Since each jump is O(1) and we need to check log(n) types of jumps, this whole step has a complexity of O(log(n)).

The second step was to move both pointers simultaneously until they meet at some node.

The main idea here is to try a huge jump at first. If doing a huge jump on both pointers leads them to the same node, then we have arrived at a common ancestor. However, we may have jumped too far. There could be some deeper common ancestor. So we can’t do this jump, let’s try something smaller.

If the current jump leads them to different nodes, then we should do this jump and update the pointers. This basically means that we made the largest possible jump that doesn’t reach any common ancestor yet.
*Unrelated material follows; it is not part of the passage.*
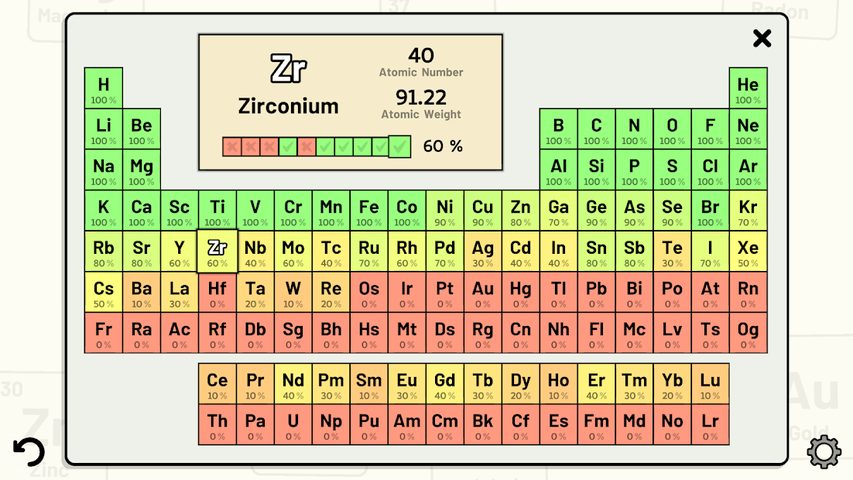 Screenshot 7: Periodic Table Quiz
Therefore, the parent of both pointers will be the deepest common ancestor, which is the LCA. During this step, we also consider log(n) different jumps, so the complexity is also O(log(n)).

algorithm EfficientLCA(u, v, Depth, ST, N):
    // INPUT
    //    u, v = Pair of nodes to find the LCA for
    //    Depth = Array storing the depth of each node
    //    ST = Sparse Table for binary lifting
    //    N = Number of nodes in the tree
    // OUTPUT
    //    the LCA of u and v

    if Depth[u] < Depth[v]:
        swap(u, v)
    Log <- ceil(log2(N))
    Need <- Depth[u] - Depth[v]
    for j <- Log to 0:
        if 2^j <= Need:
            u <- ST[u, j]
            Need <- Need - 2^j
    if u = v:
        return u
    for j <- Log to 0:
        if ST[u, j] != ST[v, j]:
            u <- ST[u, j]
            v <- ST[v, j]
    return ST[u, 0]

The complexity of this algorithm is O(log(n)), where n is the number of nodes.

5.4. Binary Lifting Algorithm Steps

To recap, finding the LCA with this approach consists of two main parts:

  1. Preprocessing: This part will only be applied once on the tree, and has two steps:
    • Find the depth and the parent of each node (Algorithm 1).
    • Build the sparse table structure (Algorithm 5).
      The complexity of this part is O(n \cdot log(n)) due to the complexity of building the sparse table.
  2. Answer LCA Query: This part will be applied for each pair of nodes that we want to find the LCA for (Algorithm 6).
    The complexity of this part is O(log(n)) since we are only doing O(log(n)) jumps.

6. Comparison

Let’s have a final comparison between the two approaches in this tutorial.

Rendered by QuickLaTeX.com

The main bonus when using the binary lifting approach is that we can handle a large number of queries. First, we have to apply the preprocessing once, and then we can have a large number of queries, where each query is answered in O(log(n)). Therefore, each query will be answered in a better complexity than when using the naive approach.

7. Conclusion

In this tutorial, we’ve discussed the Least Common Ancestors problem for tree data structures.

First, we took a look at the definition, then discussed two methods of finding the LCA. Finally, we did a simple comparison between the two methods.